● Data extracts:
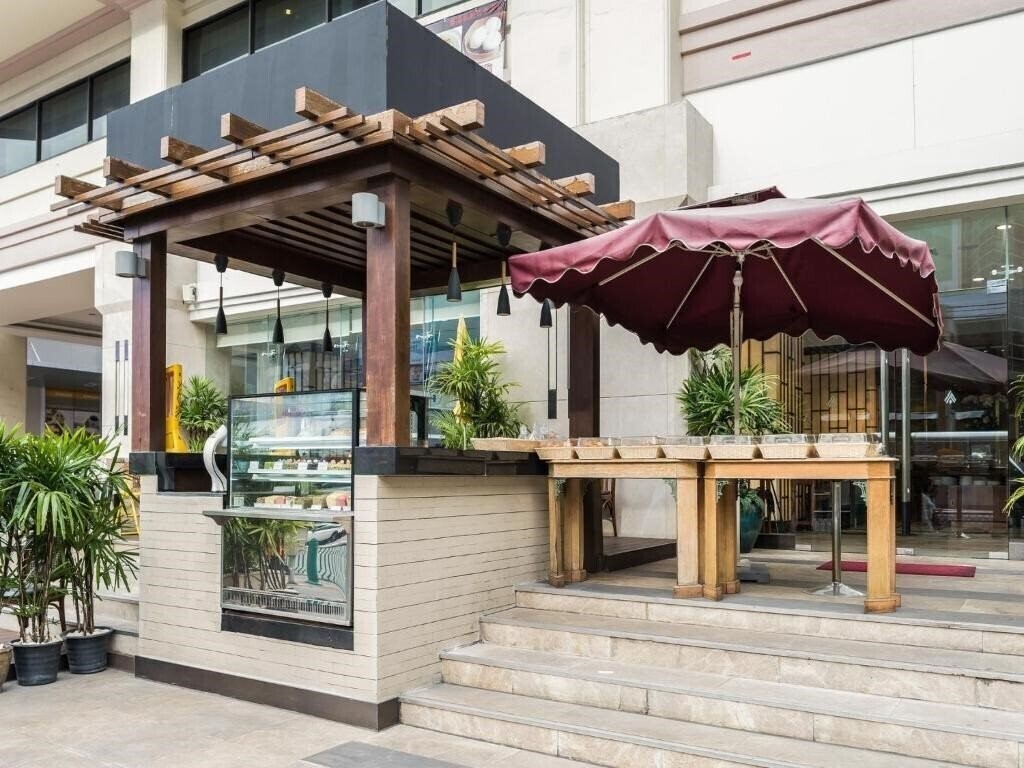 Фото Arnoma Grand Bangkok 4*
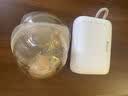 波咯咯（bololo）双边吸奶器电动无痛全自动吸乳微震通乳大吸力挤奶器 【新品·临床·专研款】微震V50免手扶随身杯 实拍图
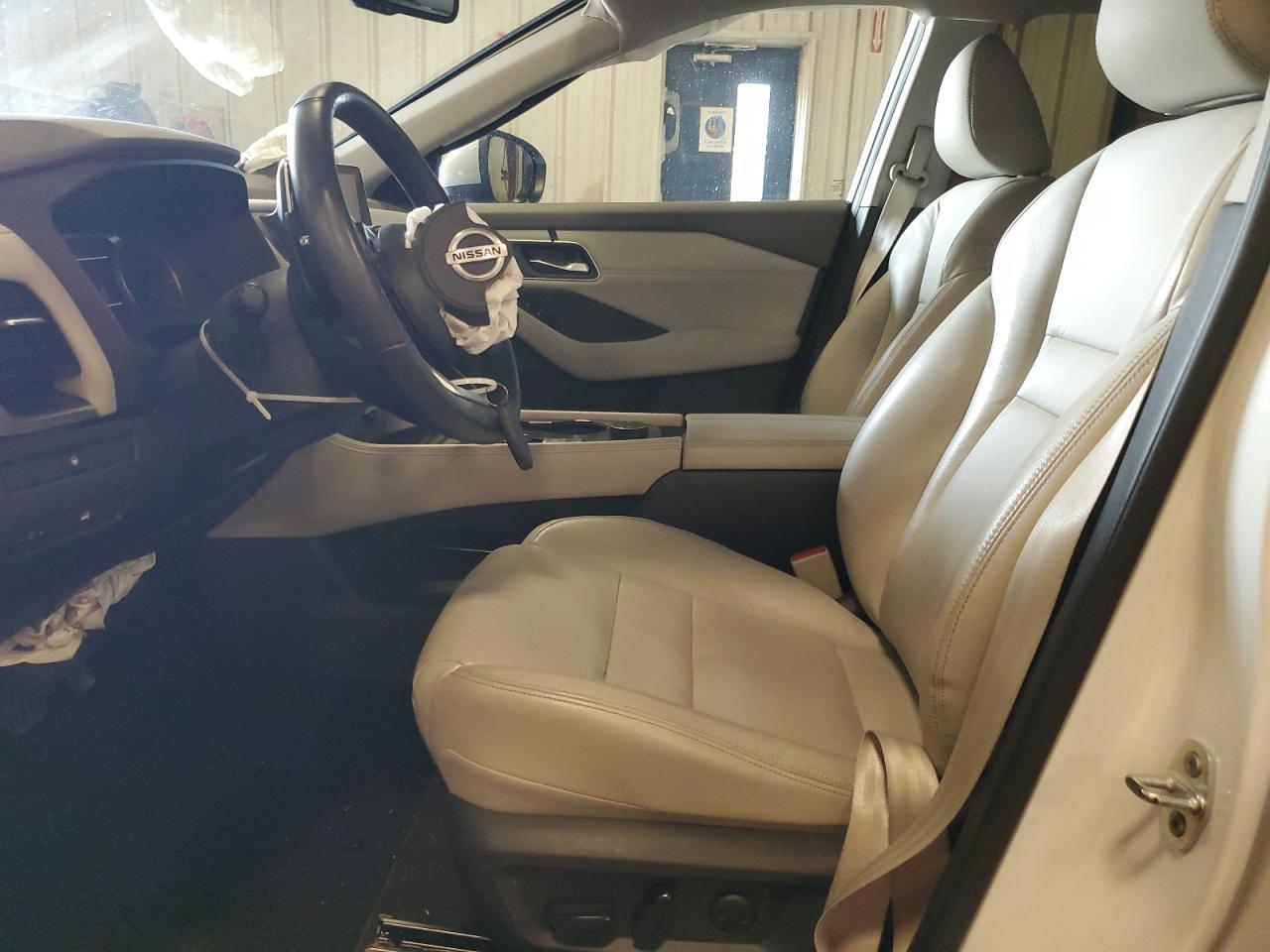 2021 Nissan Rogue Sl - Фото 7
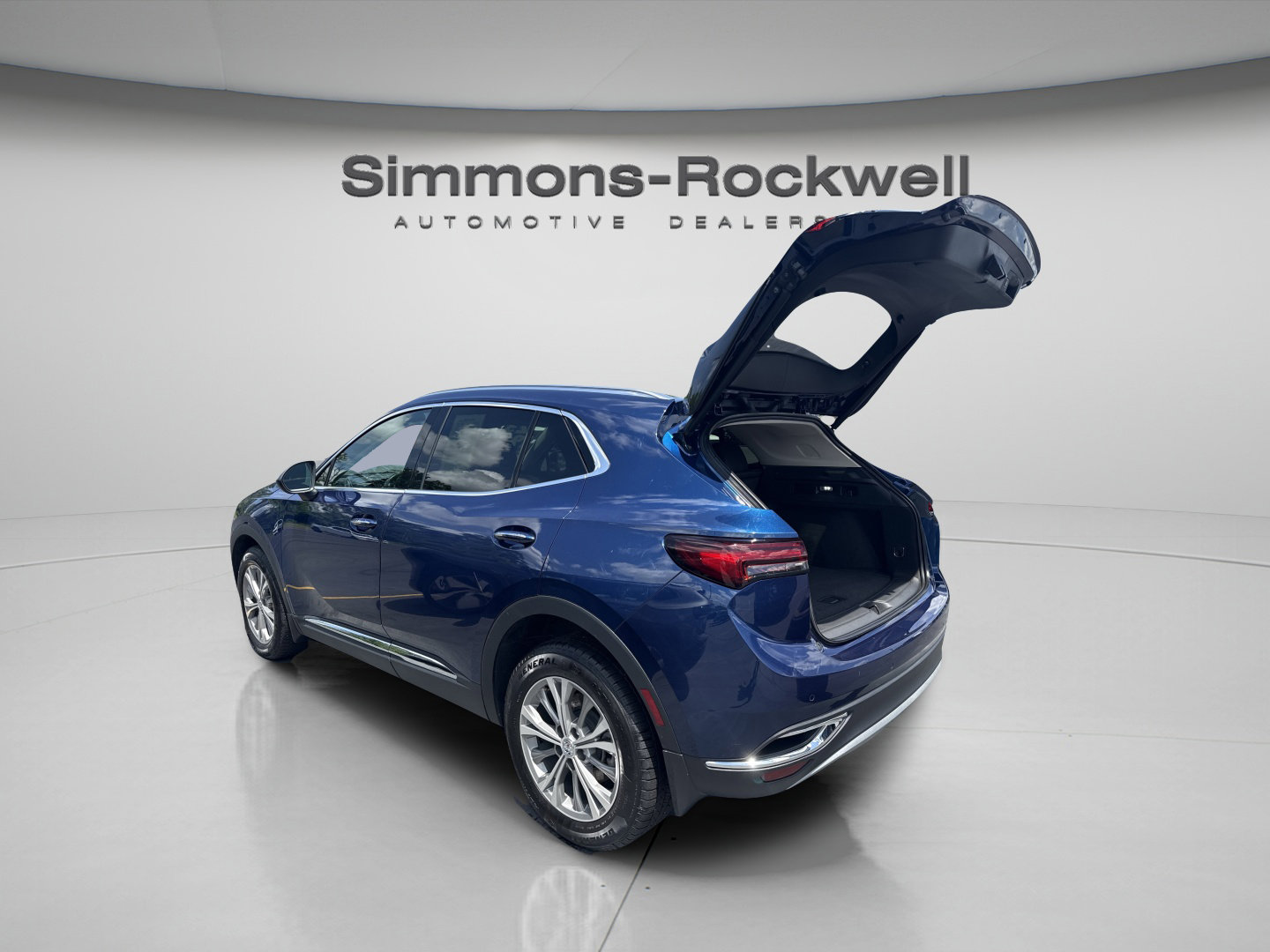 Used 2023 Buick Envision Preferred AWD/4WD image 7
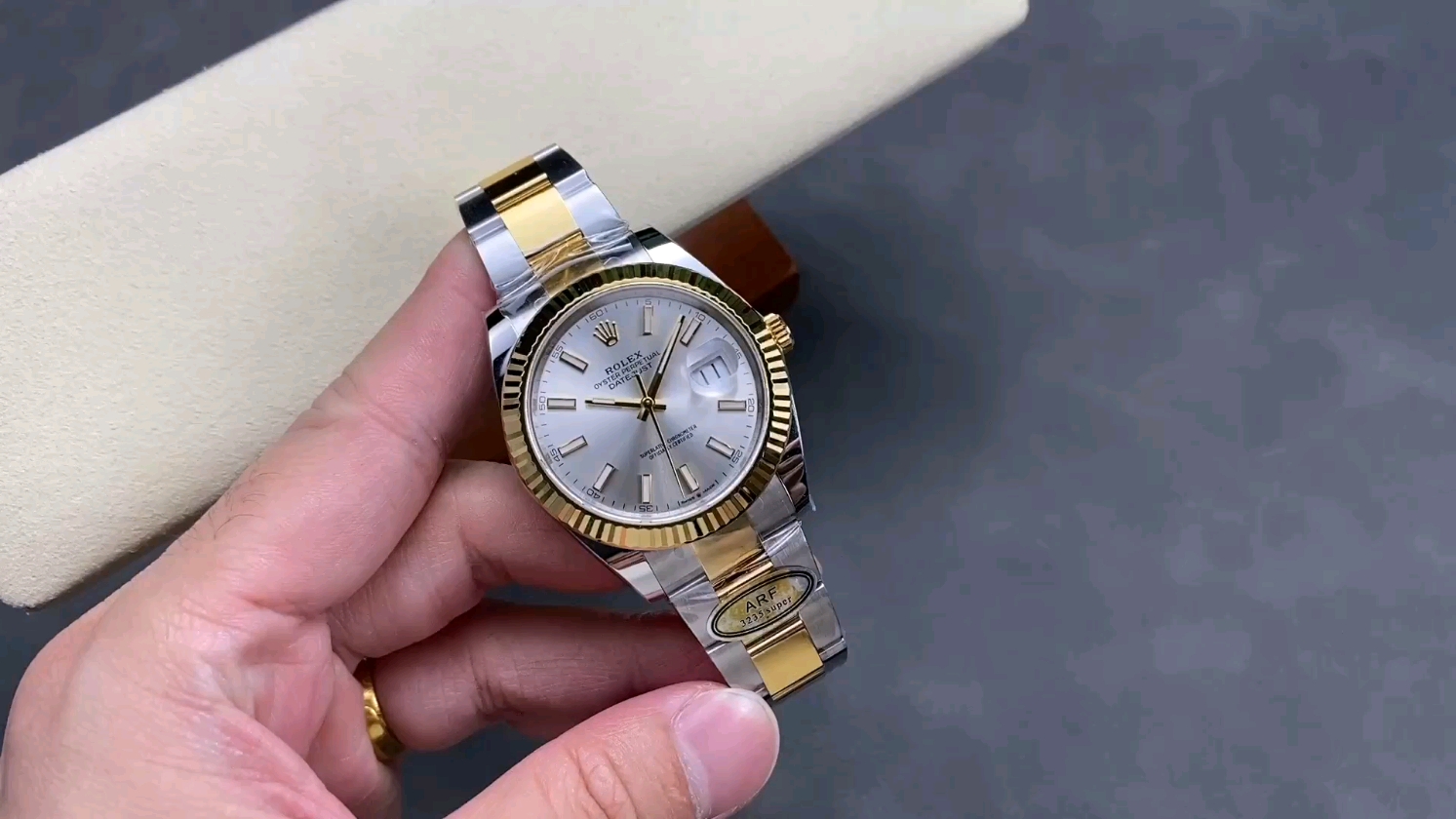 ロレックスデイトジャスト41mm、新機能とその実力は？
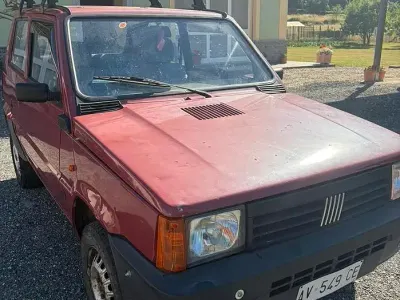 Usata Fiat Panda 16 CV (11 kW) 1997 Berlina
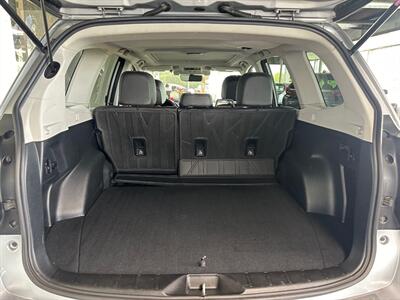 2017 Subaru Forester 2.5i Touring   - Photo 10 - Newark, IL 60541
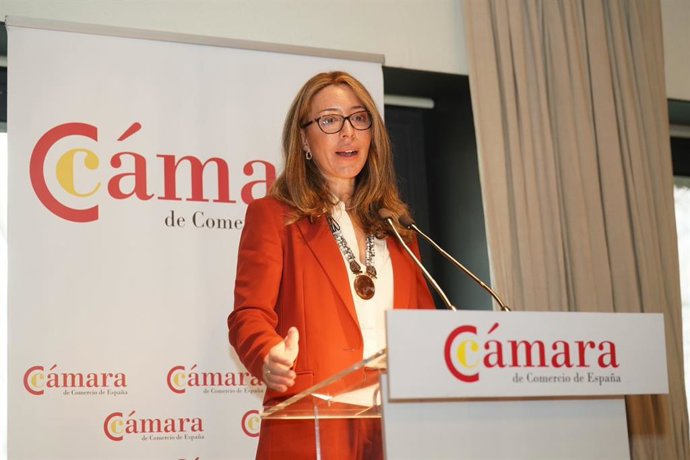 La secretaria de Estado de Comercio, Xiana Méndez.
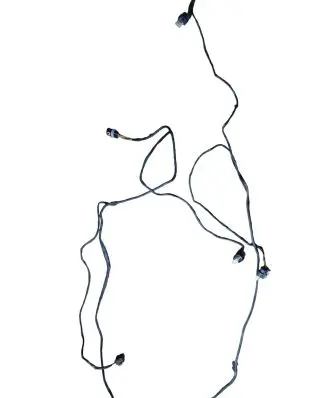 BMW X5 E70 Parking sensor (PDC) wiring loom 1718553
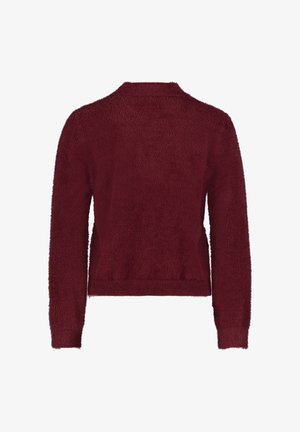 Betty & Co, STRICKPULLOVER - Trui - fall burgundy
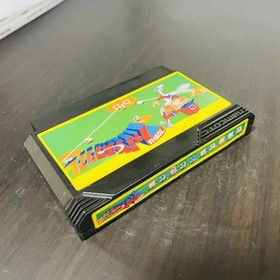 Pro Yakyu Family Stadium Nintendo Famicom Namco 1986 Japanese Version Base Ball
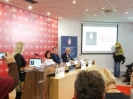 Minister Dacic at the conference of journalists and media Diaspora and Serbs in the region
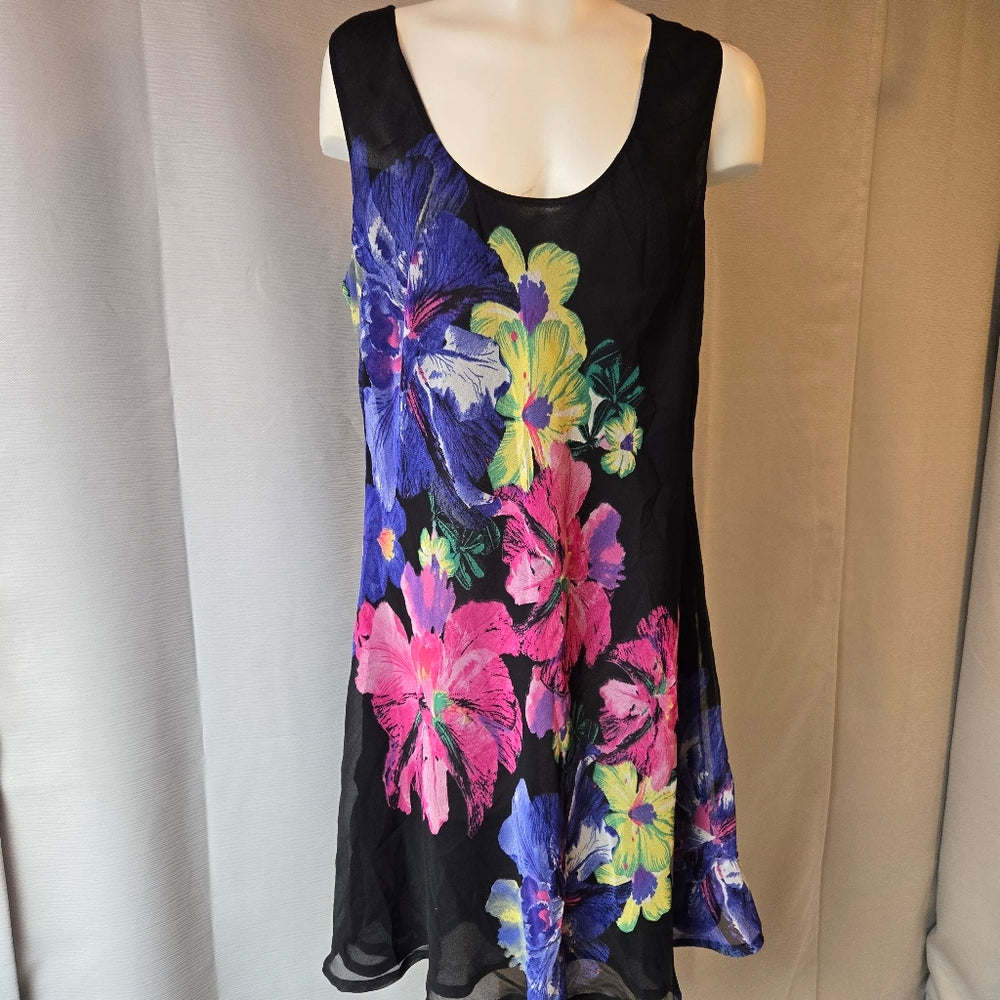 Summer‎ Tunic Dress - M/L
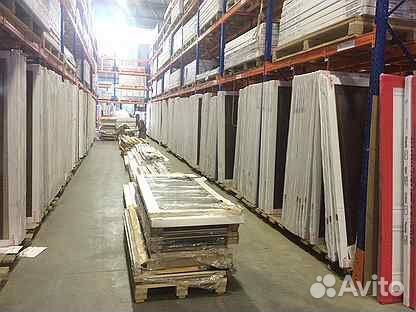 Двери межкомнатные со склада новые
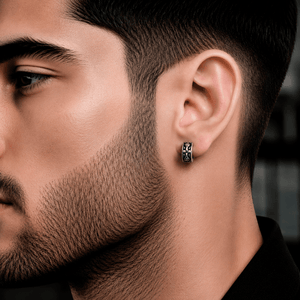 ARETES PARA HOMBRES | Lion Luxury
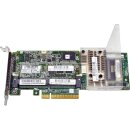 HP SmartArray P440 SAS RAID Controller PCIe x8 12G 2GB FBWC 726823-001 LP+Kabel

● Directions for this task: Reproduce exactly, without any picture, the lines from the one bearing "Двери межкомнатные со склада новые" to the last line of the records above.

● Your response:
 Двери межкомнатные со склада новые
 ARETES PARA HOMBRES | Lion Luxury
 HP SmartArray P440 SAS RAID Controller PCIe x8 12G 2GB FBWC 726823-001 LP+Kabel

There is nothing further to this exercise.